* Requirement:
Transcribe the whole listing exactly; the images stay out.

* Record extracts:
== Segment start ==

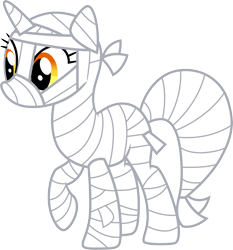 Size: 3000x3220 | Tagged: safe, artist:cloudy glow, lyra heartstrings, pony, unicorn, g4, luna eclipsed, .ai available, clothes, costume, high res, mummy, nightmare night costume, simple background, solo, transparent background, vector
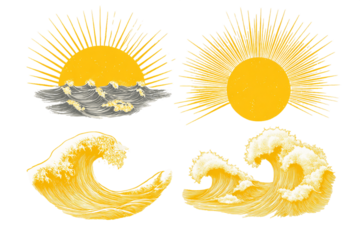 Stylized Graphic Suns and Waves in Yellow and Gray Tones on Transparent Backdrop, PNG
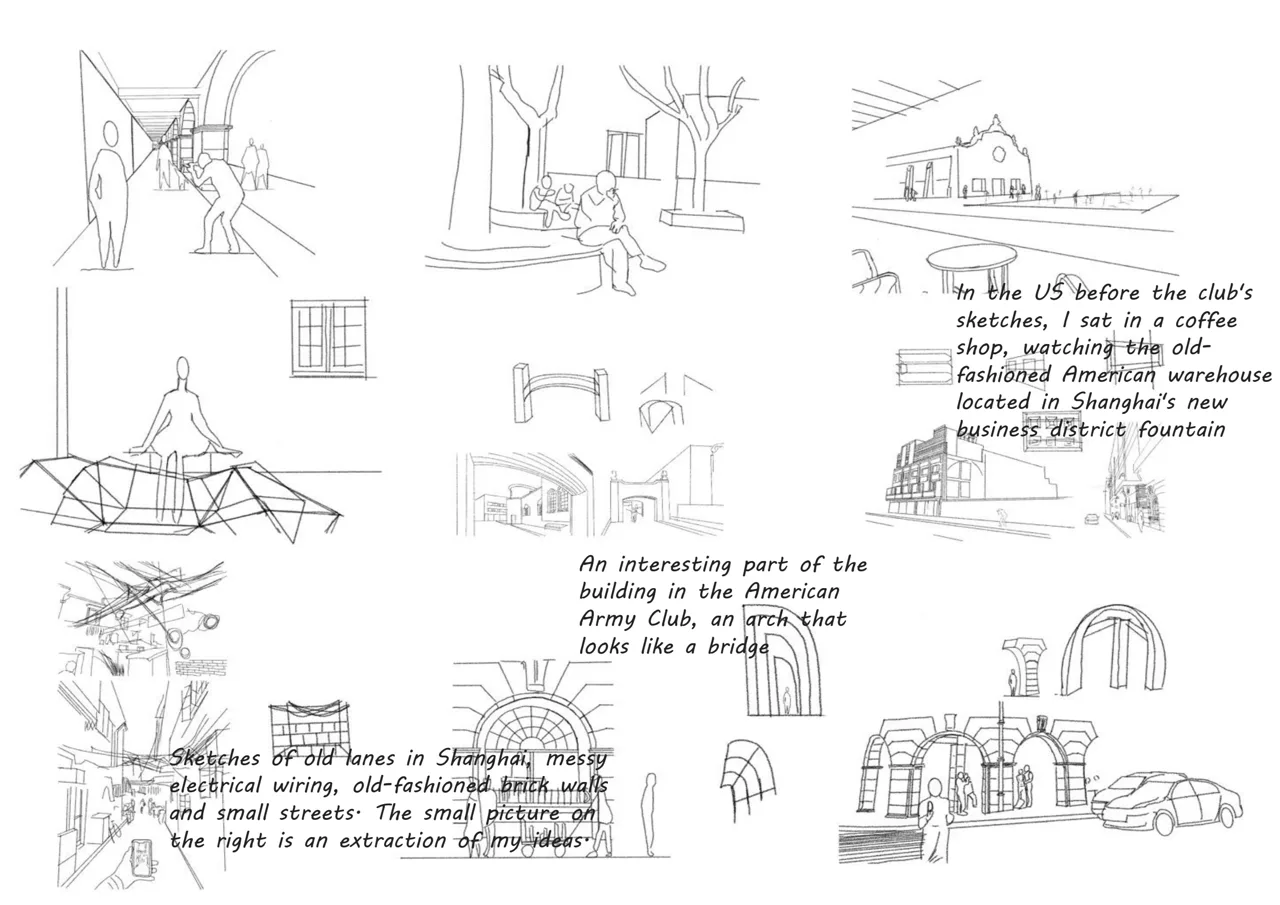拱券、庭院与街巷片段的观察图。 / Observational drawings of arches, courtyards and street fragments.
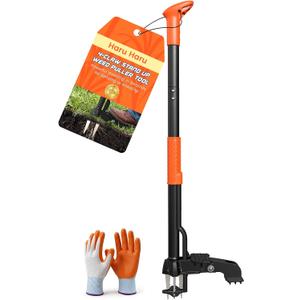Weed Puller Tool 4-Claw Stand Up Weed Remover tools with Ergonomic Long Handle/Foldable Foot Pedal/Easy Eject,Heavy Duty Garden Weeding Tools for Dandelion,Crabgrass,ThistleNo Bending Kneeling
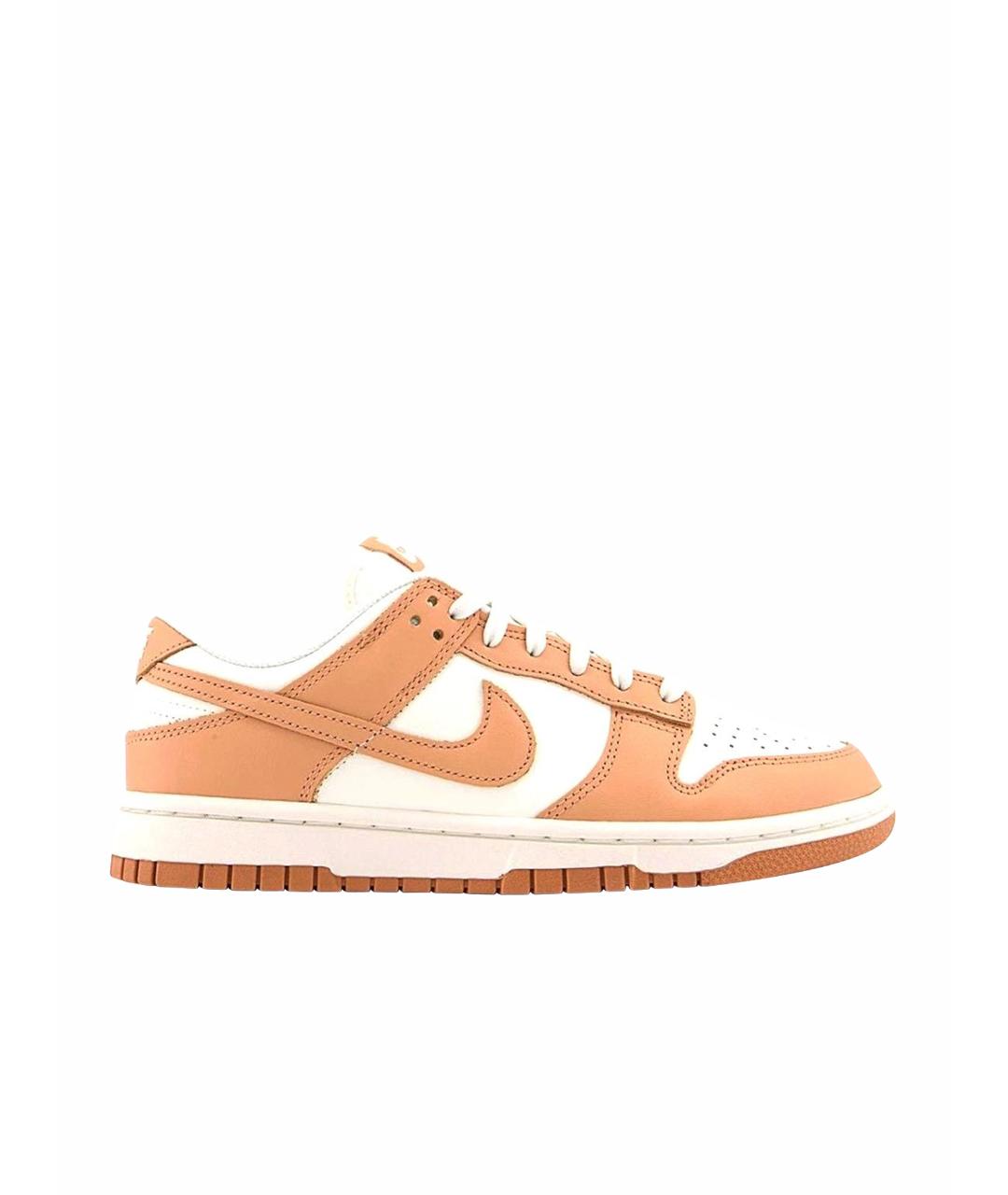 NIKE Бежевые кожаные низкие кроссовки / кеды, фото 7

== Segment end ==

* Task result:
 Size: 3000x3220 | Tagged: safe, artist:cloudy glow, lyra heartstrings, pony, unicorn, g4, luna eclipsed, .ai available, clothes, costume, high res, mummy, nightmare night costume, simple background, solo, transparent background, vector
 Stylized Graphic Suns and Waves in Yellow and Gray Tones on Transparent Backdrop, PNG
拱券、庭院与街巷片段的观察图。 / Observational drawings of arches, courtyards and street fragments.
Weed Puller Tool 4-Claw Stand Up Weed Remover tools with Ergonomic Long Handle/Foldable Foot Pedal/Easy Eject,Heavy Duty Garden Weeding Tools for Dandelion,Crabgrass,ThistleNo Bending Kneeling
 NIKE Бежевые кожаные низкие кроссовки / кеды, фото 7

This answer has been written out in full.